Does anyone in 2021 regret not spending more time with OLEDB, much less know what it is?
Likewise, I think Kubernetes will be long forgotten in 2041. It will have been replaced with simpler systems that follow the Perlis-Thompson Principle.
More wisdom from Joel:
Look closely at the software landscape. The companies that do well are the ones who rely least on big companies and don’t have to spend all their cycles catching up and reimplementing and fixing bugs that crop up only on Windows XP.
I would mentally replace "Windows XP" with "Kubernetes" in this quote, and see if it rings true. In other words, our coding efforts should be directed at the problem domain, not on fixing the underlying platform.
Classic Blog Posts by Joel Spolsky. Referencing Joel's post Fire and Motion reminds me that his blog and forum were invaluable early in my career. This post will quote more insightful posts by Joel.
Rich Hickey's Influence. After this recent comment about dynamic languages and "the world", Qi Xiao of Elvish reminded me of that Rich Hickey uses the term "situated programs".
I didn't credit Hickey in that comment, but his ideas definitely influenced me. I want to write another post covering his ideas on language design and systems. I would reference this comment on his talk "Maybe Not".
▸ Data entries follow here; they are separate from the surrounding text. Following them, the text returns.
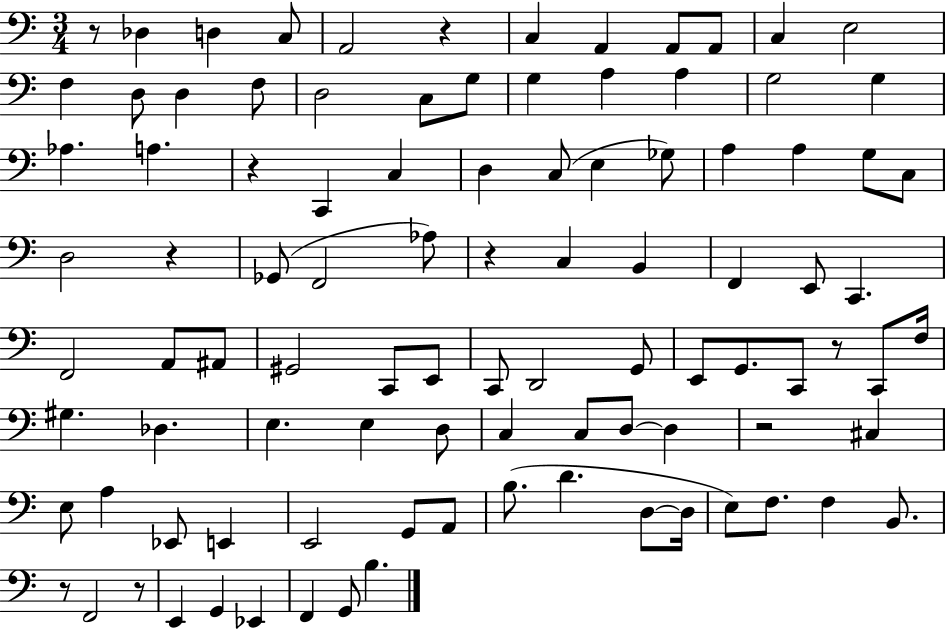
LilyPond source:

{
  \clef bass
  \numericTimeSignature
  \time 3/4
  \key c \major
  r8 des4 d4 c8 | a,2 r4 | c4 a,4 a,8 a,8 | c4 e2 | \break f4 d8 d4 f8 | d2 c8 g8 | g4 a4 a4 | g2 g4 | \break aes4. a4. | r4 c,4 c4 | d4 c8( e4 ges8) | a4 a4 g8 c8 | \break d2 r4 | ges,8( f,2 aes8) | r4 c4 b,4 | f,4 e,8 c,4. | \break f,2 a,8 ais,8 | gis,2 c,8 e,8 | c,8 d,2 g,8 | e,8 g,8. c,8 r8 c,8 f16 | \break gis4. des4. | e4. e4 d8 | c4 c8 d8~~ d4 | r2 cis4 | \break e8 a4 ees,8 e,4 | e,2 g,8 a,8 | b8.( d'4. d8~~ d16 | e8) f8. f4 b,8. | \break r8 f,2 r8 | e,4 g,4 ees,4 | f,4 g,8 b4. | \bar "|."
}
Oil is very much a language for programs situated in "the world".
I expect to refer to this post in the future. The links and comments are intended to add color on the design of the Oil language and the motivation for the project as a whole.
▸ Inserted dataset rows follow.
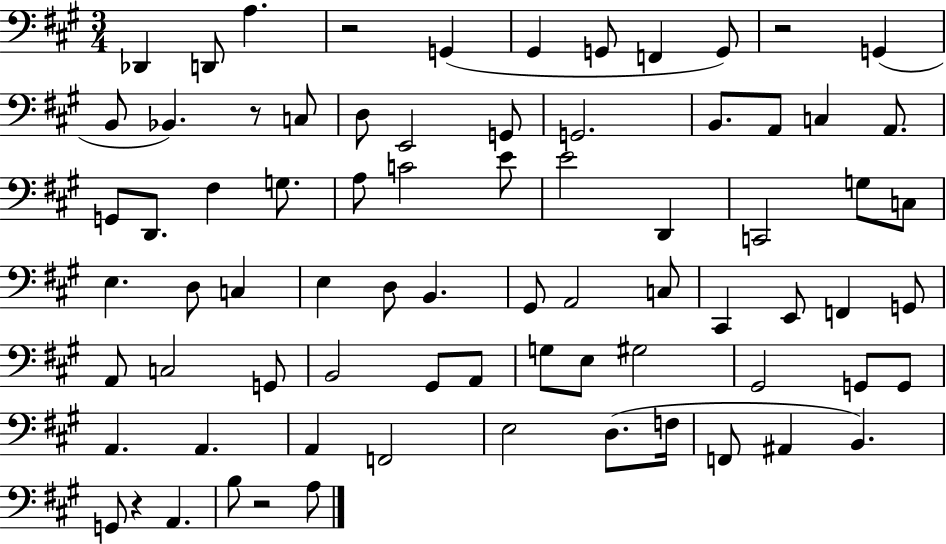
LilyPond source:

{
  \clef bass
  \numericTimeSignature
  \time 3/4
  \key a \major
  \repeat volta 2 { des,4 d,8 a4. | r2 g,4( | gis,4 g,8 f,4 g,8) | r2 g,4( | \break b,8 bes,4.) r8 c8 | d8 e,2 g,8 | g,2. | b,8. a,8 c4 a,8. | \break g,8 d,8. fis4 g8. | a8 c'2 e'8 | e'2 d,4 | c,2 g8 c8 | \break e4. d8 c4 | e4 d8 b,4. | gis,8 a,2 c8 | cis,4 e,8 f,4 g,8 | \break a,8 c2 g,8 | b,2 gis,8 a,8 | g8 e8 gis2 | gis,2 g,8 g,8 | \break a,4. a,4. | a,4 f,2 | e2 d8.( f16 | f,8 ais,4 b,4.) | \break g,8 r4 a,4. | b8 r2 a8 | } \bar "|."
}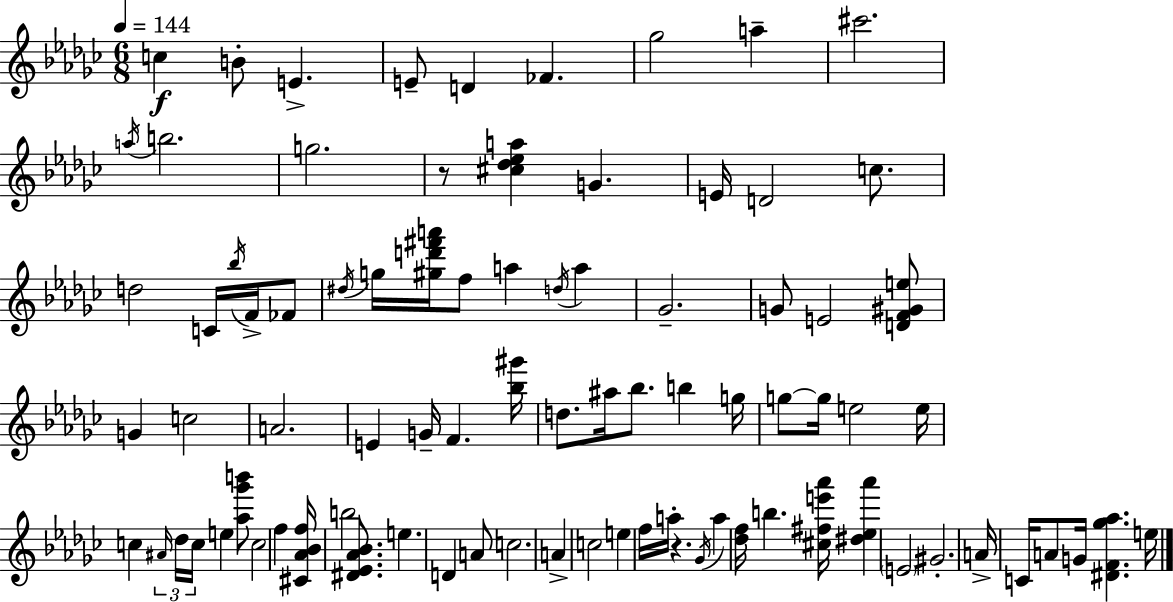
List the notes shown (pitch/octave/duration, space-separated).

C5/q B4/e E4/q. E4/e D4/q FES4/q. Gb5/h A5/q C#6/h. A5/s B5/h. G5/h. R/e [C#5,Db5,Eb5,A5]/q G4/q. E4/s D4/h C5/e. D5/h C4/s Bb5/s F4/s FES4/e D#5/s G5/s [G#5,D6,F#6,A6]/s F5/e A5/q D5/s A5/q Gb4/h. G4/e E4/h [D4,F4,G#4,E5]/e G4/q C5/h A4/h. E4/q G4/s F4/q. [Bb5,G#6]/s D5/e. A#5/s Bb5/e. B5/q G5/s G5/e G5/s E5/h E5/s C5/q A#4/s Db5/s C5/s E5/q [Ab5,Gb6,B6]/e C5/h F5/q [C#4,Ab4,Bb4,F5]/s B5/h [D#4,Eb4,Ab4,Bb4]/e. E5/q. D4/q A4/e C5/h. A4/q C5/h E5/q F5/s A5/s R/q. Gb4/s A5/q [Db5,F5]/s B5/q. [C#5,F#5,E6,Ab6]/s [D#5,Eb5,Ab6]/q E4/h G#4/h. A4/s C4/s A4/e G4/s [D#4,F4,Gb5,Ab5]/q. E5/s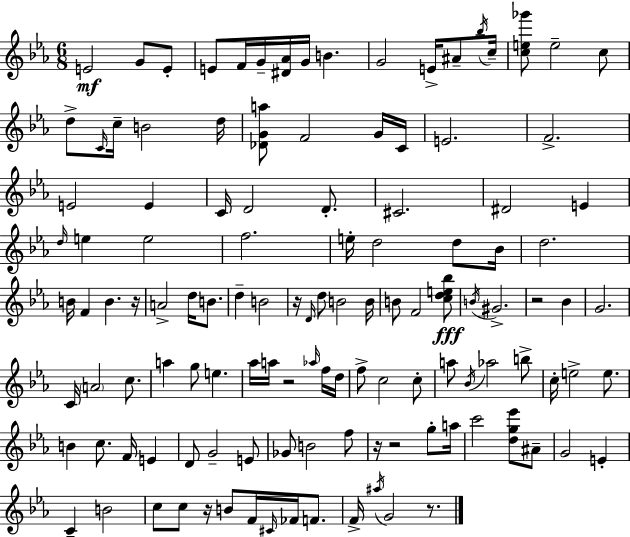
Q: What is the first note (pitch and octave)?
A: E4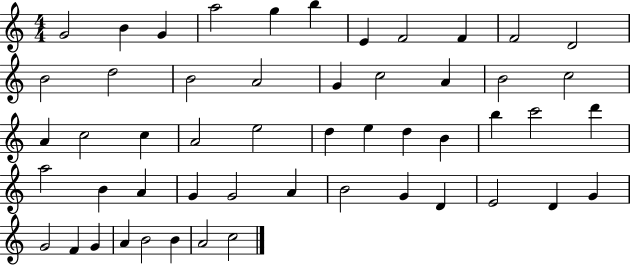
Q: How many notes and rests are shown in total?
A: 52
Let me know whether it was interesting or useful!
Tomorrow, I'll review more posts and comments about #distributed-systems. I expected to write a single Blog Backlog post, but it turned into three!
If you haven't read it already, check out yesterday's post on understanding and using shell.
7/20 Update: I'm saving this thread for later reference. I ask why use Kubernetes for a deployment that seems more like an HPC problem. People with HPC experience chime in on the issues in that domain.